Applied Systems Acquires EZLynx.
Earlier this month, it was announced that Applied Systems was acquiring the agency management system EZLynx.
Another day, another acquisition, courtesy of the emerging duopoly that is headed by Applied Systems and Vertafore.
I’m not here to whine about a company like EZLynx executing an exit strategy. Good for them. As a venture capital- backed startup, I have a responsibility to investors to think about exits, especially if it was a scenario that was good for our customers, employees and users.
But I do question how another acquisition like this one, the latest in a regular series over the last year, serves the independent agent.
Why are Applied and Vertafore buying?
Let’s start with the logic behind most acquisitions in the world of tech. The motivation behind the purchase typically falls into one of these four buckets:
1) Company A wants to add a specific tool to its offering. It’s more financially viable to buy it fully-baked than develop it from scratch. Company B is purchased.
2) Company A wants to bolster its roster of talent. Buying Company B is a way to onboard a whole bunch of smart people virtually overnight.
3) Company A wants to eliminate a competitor, so they purchase Company B to make it go away. Sometimes it disappears overnight, but typically it’s a longer process that involves wilful neglect, eventually followed by a quiet press release that mentions “sunsetting.”
4) Company A wants to purchase an asset, Company B, that they understand and can grow. They leave it alone—mostly—but give strategic guidance because they know the space.
How does Applied/EZLynx help independent agencies?
Only Bucket #1 offers value to the independent insurance agent. If the AMS you’re already using gets upgrades to help you work more efficiently and build stronger client relationships, that’s a positive. But I’m afraid this acquisition doesn’t pass the sniff test for #1. It’s a behemoth AMS buying another, um, AMS.
So if this acquisition falls into Buckets #2, #3 or #4, aren’t there arguments to be made that it still provides value for independent agents? Wouldn’t there be some user benefit to brokers who have been on either EZLynx or Applied?
Okay, let’s look at Bucket #2. Sure, that shift of tech talent might bring a spark to the larger enterprise. Maybe all of a sudden that clunky AMS of yours is humming with new features that help your agency team deliver a positive customer experience. We’ve all heard the case made that the “greater resources” at the bigger organization will give the bright minds that were onboarded a chance to really shine.
It sounds good on paper. But chances are those additional resources will come with increased stipulations, a lot more meetings, and a much bigger org chart to navigate. The freedom that existed at Company B prior to the acquisition evaporates, and eventually a lot of the new talent moves on or just gets comfortable punching a clock every day. It turns out the best thinkers love seeing unicorn ideas come to life on shoestring budgets. And they’re not as excited about watching clunkers get pushed ahead just because they’re backed by big budgets.

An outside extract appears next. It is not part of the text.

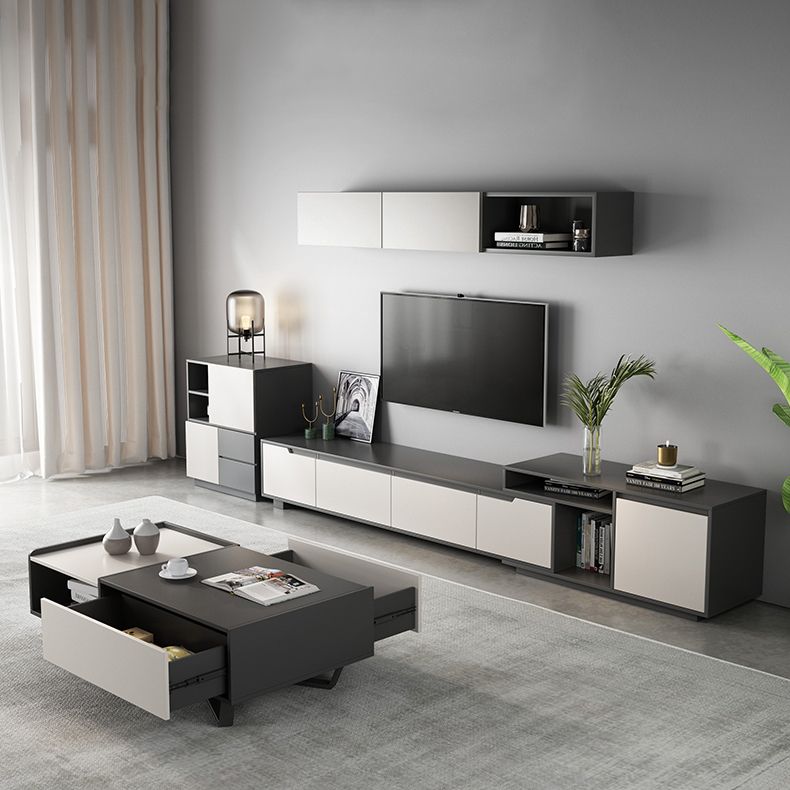 Modern TV Stand With Glide Drawer , Grey , TV Cabinet with Storage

What about Bucket #3? Well, there’s really no way to see the elimination of competition helping the independent agent. In any industry, the absence of competition is bad news for pretty much everyone, except maybe the company that has wiped it out.
Bucket #4? Just doesn’t make sense. Why buy an asset that competes with something you have? Why divide and conquer when you can focus? That’s what good companies do.

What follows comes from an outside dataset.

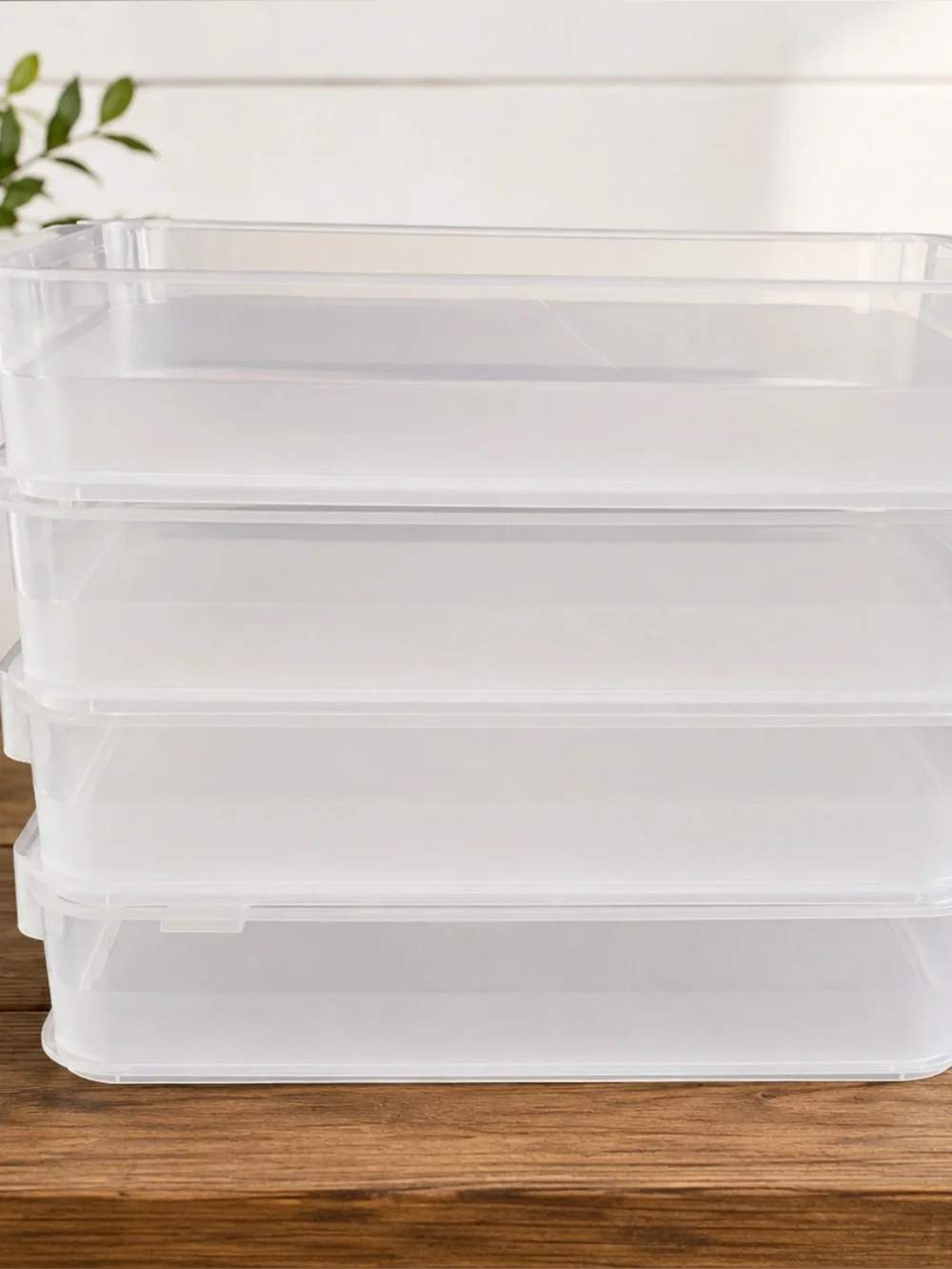 Clear Stackable Plastic Storage Trays - Set of 4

For independent agents, a decrease in AMS competition should be alarming. Quite simply, it leads to an absence of genuine choice. It removes leverage. It leaves you stuck.
Insurtech needs competitive fire.
Fact is, innovation is fueled by a demanding marketplace. When it’s challenging to put together a tech stack that delivers the most value for your firm, the companies in control—the two that are now at the top—don’t need to hustle to improve theirs.

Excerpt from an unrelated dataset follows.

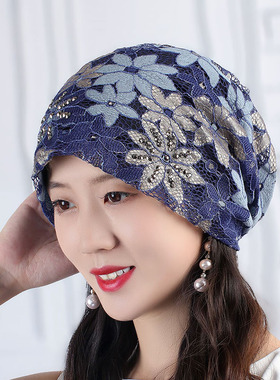 女士春夏天薄款透气包头帽子
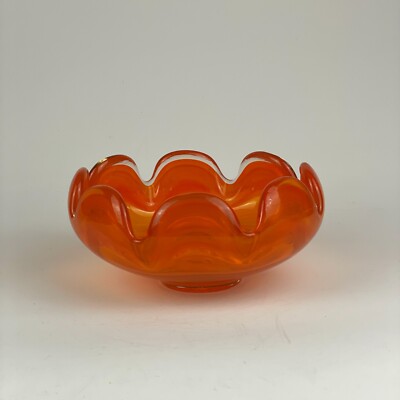 Vintage Handblown Mid-Century Modern Glass Orange Lotus Bowl - 8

Clearly, I’m not a fan of two tech companies gaining a stranglehold in an industry that I think isn’t doing enough for independents. If you’re an agency counting on either Applied Systems or Vertafore to offer solutions that help strengthen bonds with clients, you’re not using the power of positive thinking. You’re being naive.
You won’t find many people who are bigger technology enthusiasts than I am. I’ve worked in tech my entire career. But when we launched Broker Buddha, we didn’t set out to replace brokers with mouse clicks. Instead, our aim was to give independent agents the tools they need to compete in a demanding insurance ecosystem. Our users get access to their own data and features that help them analyze it...and we don’t charge them extra for it.
We know it’s working and making independents stronger—agencies on our platform get higher Net Promoter Scores than ones that are not. So while the world of insurtech got a little smaller last week, we remain confident that our belief in putting agents first is the best way forward.